Luca Vassalli's Website - Home page



2.Ethical SEO

3.Spider's view

4.SEO spam

5.General topics


2. Ethical SEO

2.1 How a search engine actually works

Search engines use automated software programs, known as spiders or crawlers, to explore the Web and build their databases; a spider analyses page after page following the links which connect them each others. Then every page is added to a giant database, sometimes called the catalog, indexing it with its major keywords. A keyword is a word which is relevant to the content of the page itself or it is an expression which describes it. Usually the spider starts its research from the most relevant pages already in the database, so that pages already highly ranked are examined more frequently. When a new site is created the webmaster should submit a form to the major search engines to speed up the time to be included in the result list for the relevant searches.
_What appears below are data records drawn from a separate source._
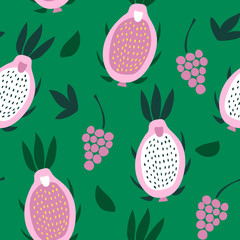 Seamless pattern of pink pitaya and grapes on a green background.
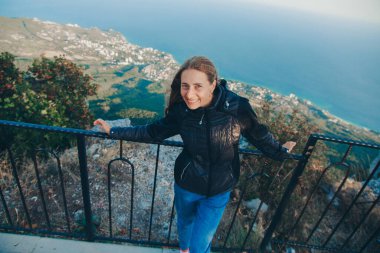 Sırt çantalı bir kız aydınlığın kenarında duruyor. Dağları aşın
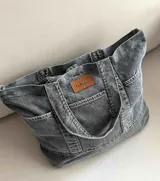 Bolso grande tipo totebag de jean azul, con asas de mano y asa larga para colgar. Se cierra mediante 1 botón de metal a presión y contiene 3 bolsillos exteriores.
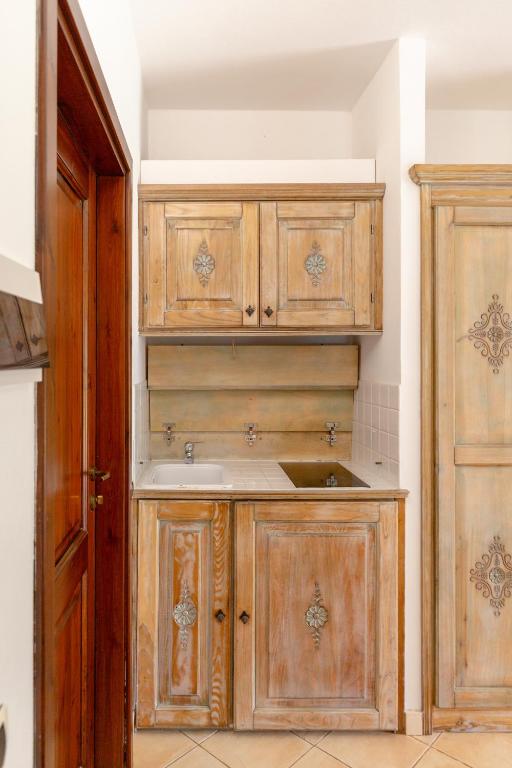 a kitchen with wooden cabinets and a sink at Porto Giunco Residence in Villasimius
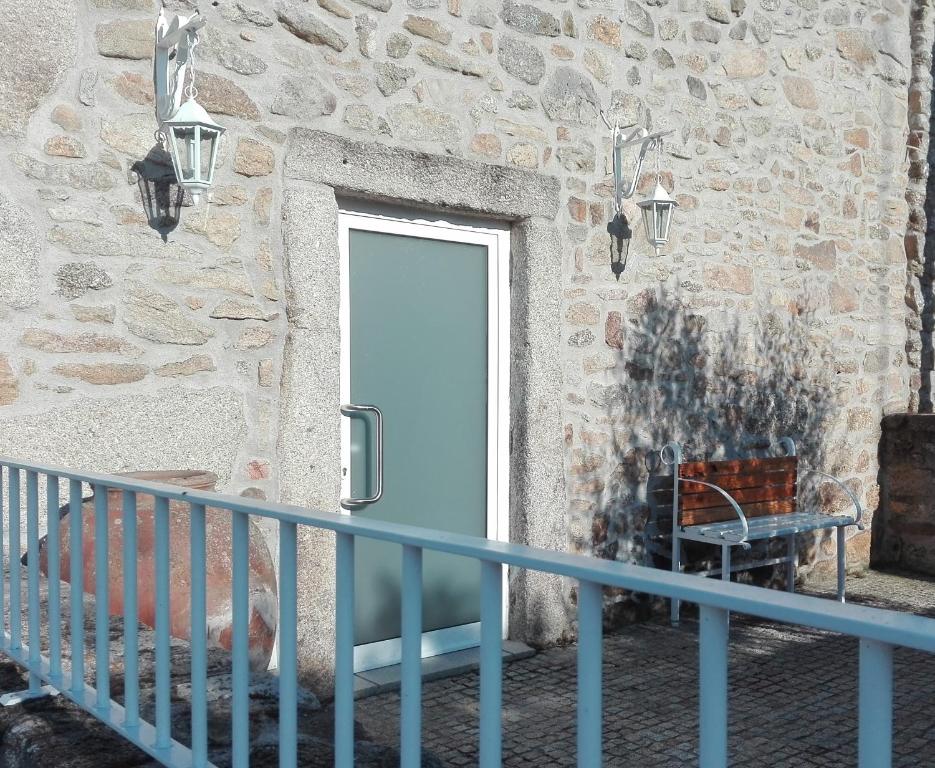 uma porta num edifício de pedra com um corrimão azul em Casa do Vale da Mula em Almeida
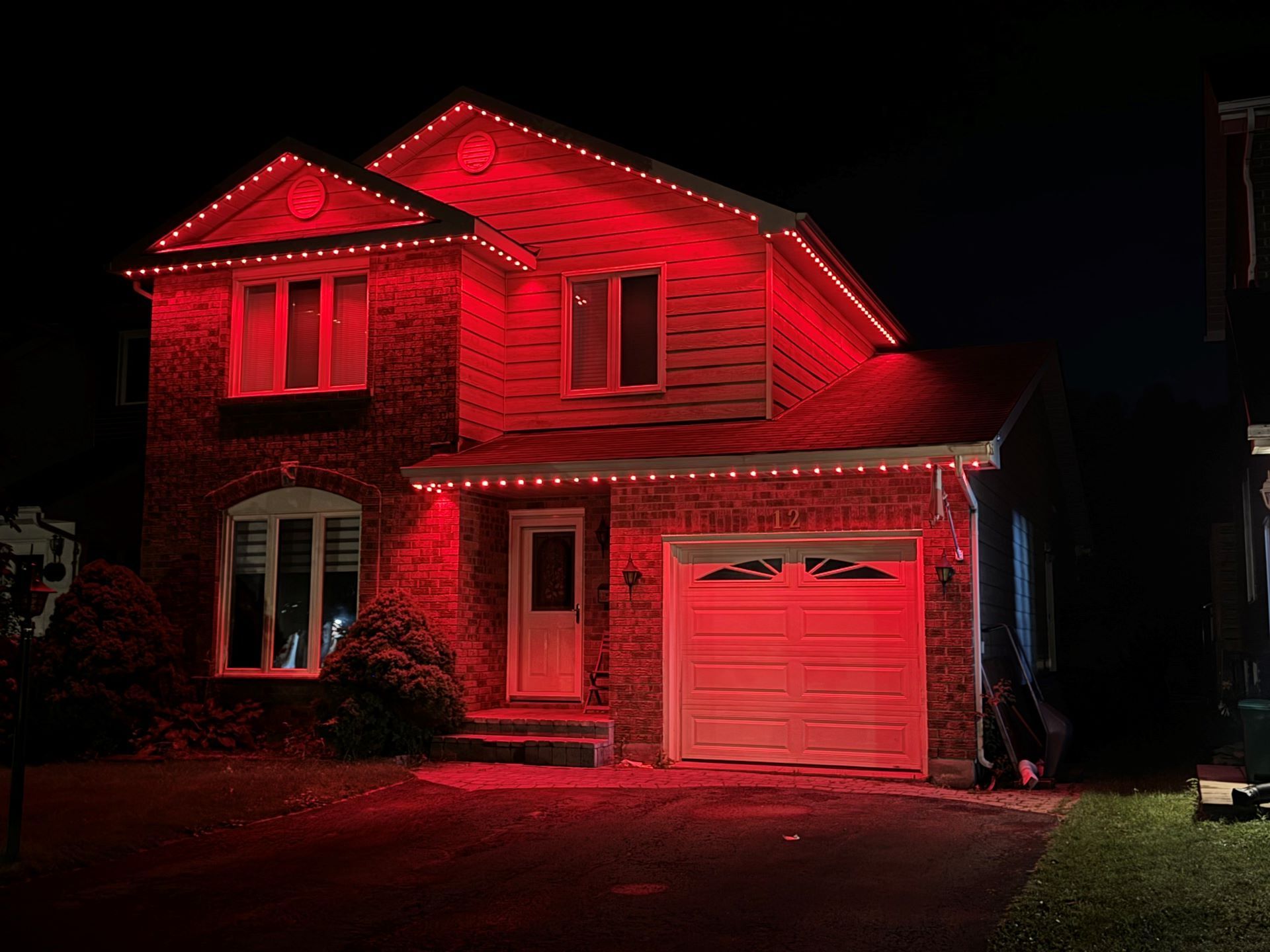 A house is lit up with red lights at night.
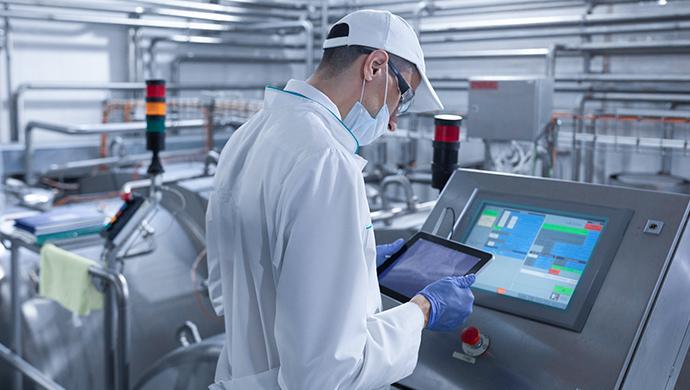 Industrial technician reviewing production data on a digital control panel inside a food processing facility.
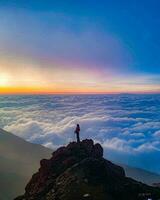 Silhouette on Mountain Summit at Sunrise Silhouette standing on rocky summit, observing tranquil sea and beautiful landscape. photo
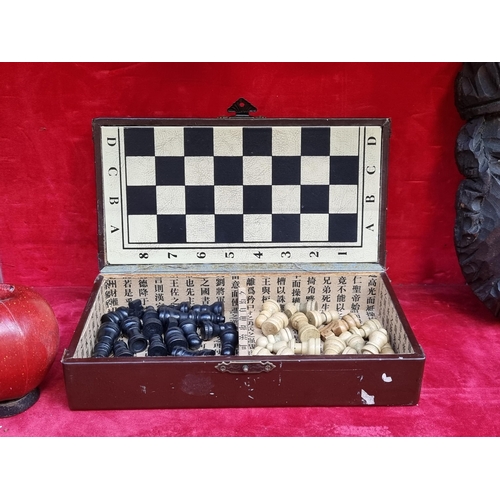 357 - A handsome box containing a travel chess set with fold out board and full 32 pieces.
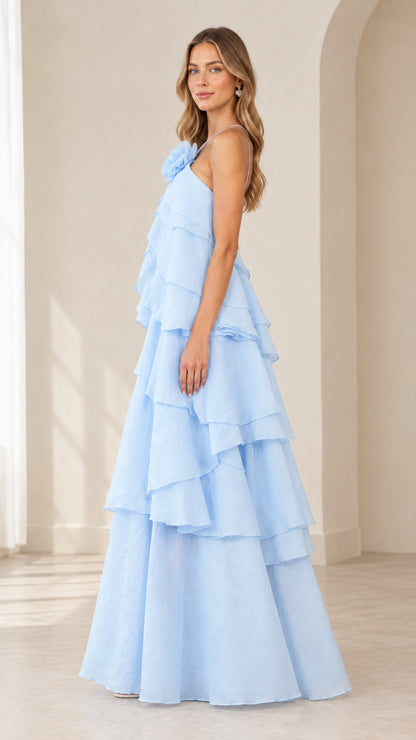 Side full-length view of model in Sky Blue tiered ruffle evening gown
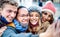 Multicultural travelers taking happy selfie wearing face mask and winter clothes - New normal lifestyle concept with milenial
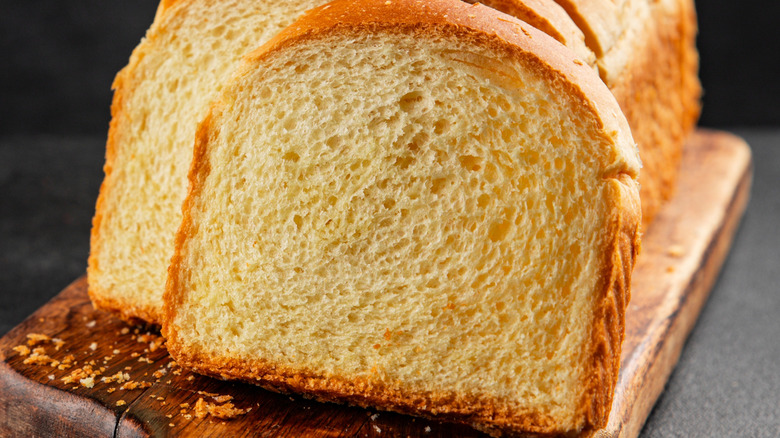 sliced brioche on a cutting wooden board
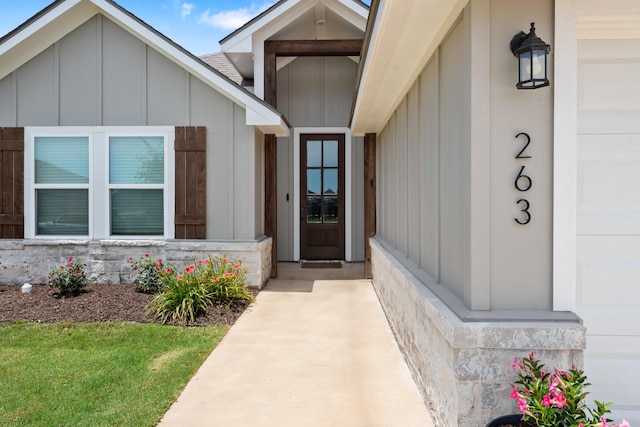 263 Brazos Bnd, Snook, TX 77879 - view of exterior entry featuring board and batten siding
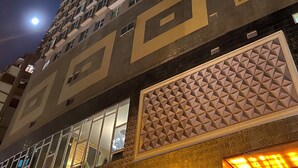 A high-rise building with multiple floors, large windows, and a geometric facade design. - Ramada Grand Tsim Sha Tsui (Former Ramada Hong Kong Grand Tsim Sha Tsui) (Kowloon)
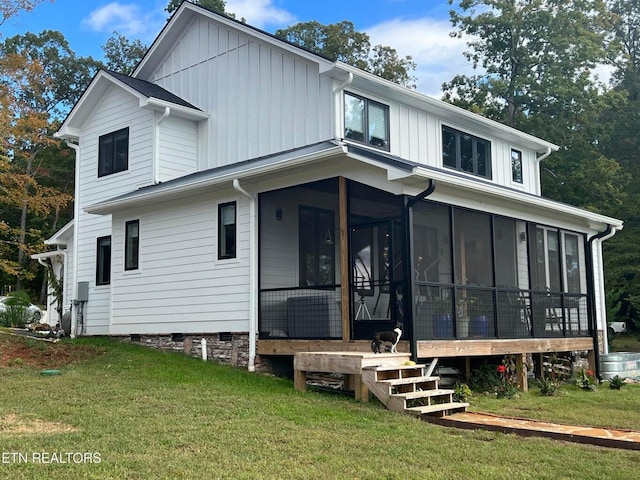 view of front of house featuring a front yard, a sunroom, and board and batten siding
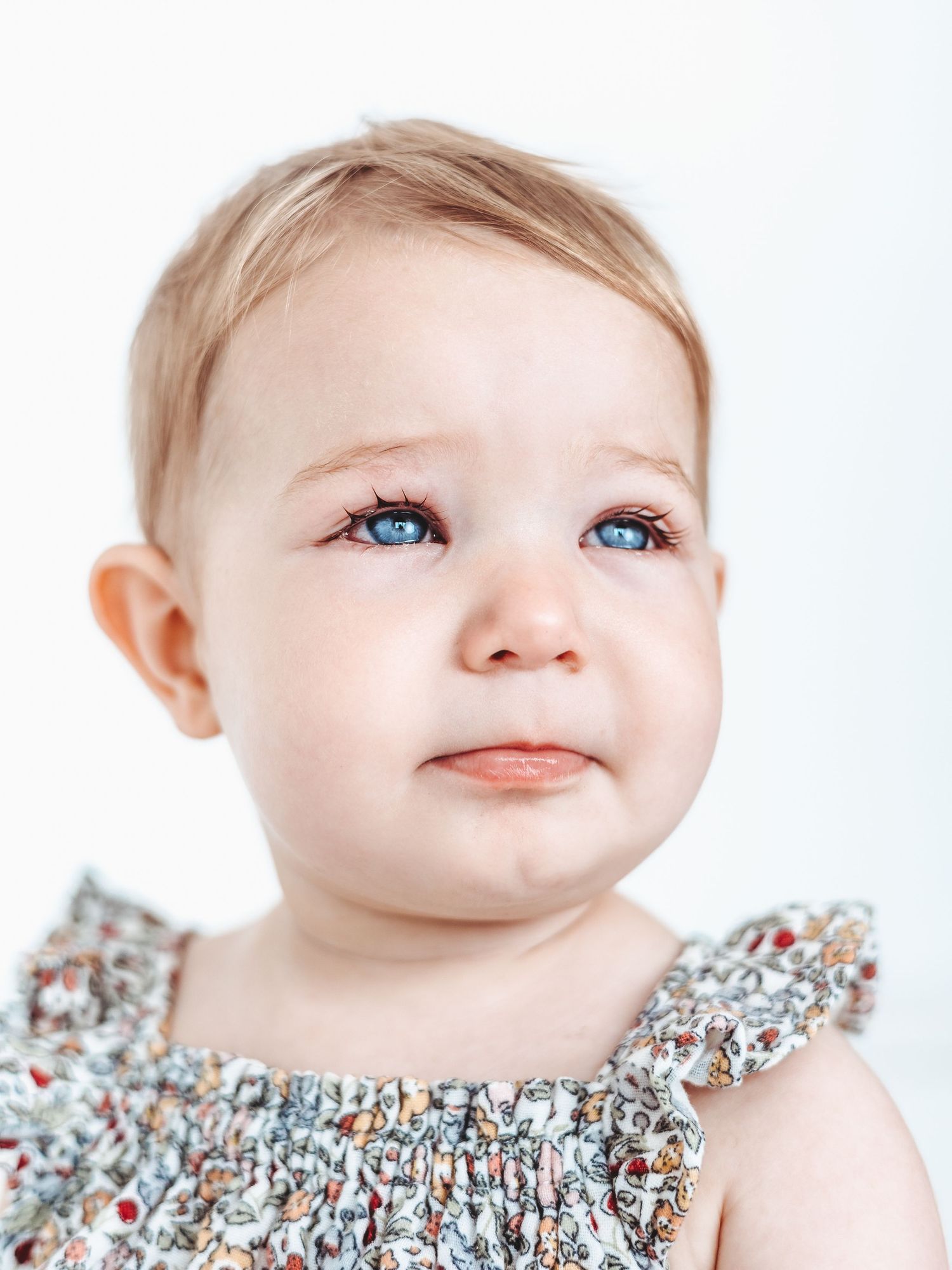 A baby wearing a floral dress gazes upward with bright blue eyes and a gentle smile.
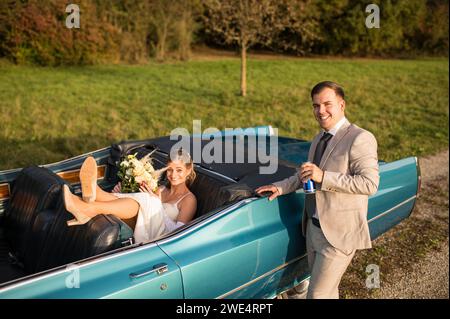 Lustige, ungewöhnliche, stilvolle, originelle Fotos mit Rollenumkehr eines jungen, attraktiven Brautpaares mit wunderschönen Veteranenautos in der Natur. Stockfoto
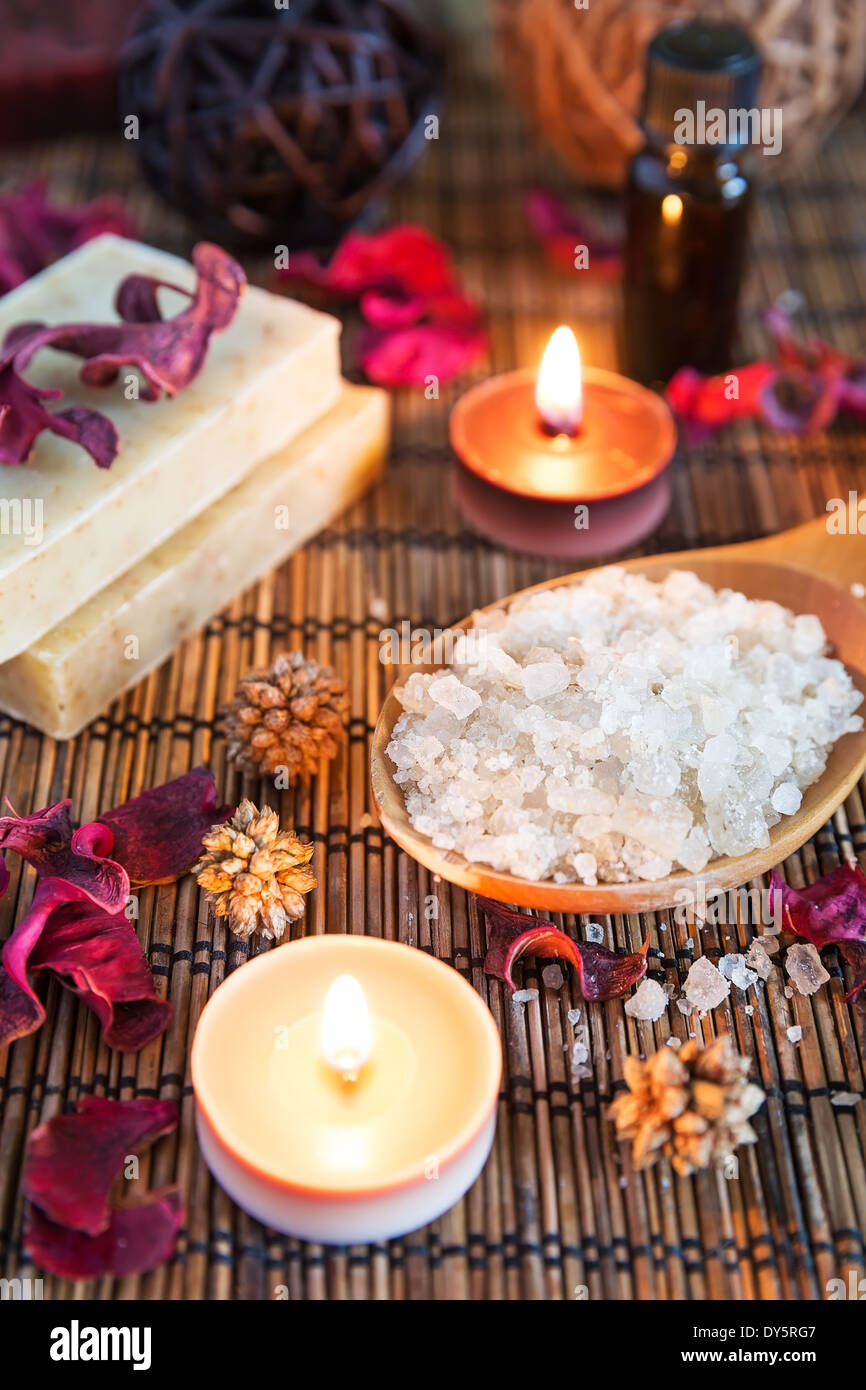 Spa with natural bath salt, candles, soap, towels and petals Stock Photo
Anyway since the Web include a quite fair amount of pages, if you changed something in your site to increase its ranking, it might take a month or even more the effects to be seen in its ranking.
After a page is in the database it is ready to be presented in a search, as a result every time a query is made, there is a program inside the search engine which sifts through the millions of pages, recorded in the index, to find matches to the search.
The final step is retrieving the results: after a user makes a query the indexed pages are present to him in the ranking order, it appears already clear that the title of the page, which will be shown in the list of results, is important in the ranking of the page, for that reason a page is penalized if title and content mismatch. There are several different ranking algorithms used by different search engines, in fact the same query on different engines will usually have a different result. These algorithms are kept secret to avoid that studying them will help to find an easy way to get better position in the result list, so, if the general rules we will consider further on, can be considered always valid, you should keep in mind that achieving the top ranks requires optimizing in different way for different search engines. For instance roughly Google considers more important the links, Yahoo the keywords; links and keywords are in somehow relevant in both the search engines but with a different weight, thus what may be a good keywords optimization for Yahoo, will probably be over optimization for Google.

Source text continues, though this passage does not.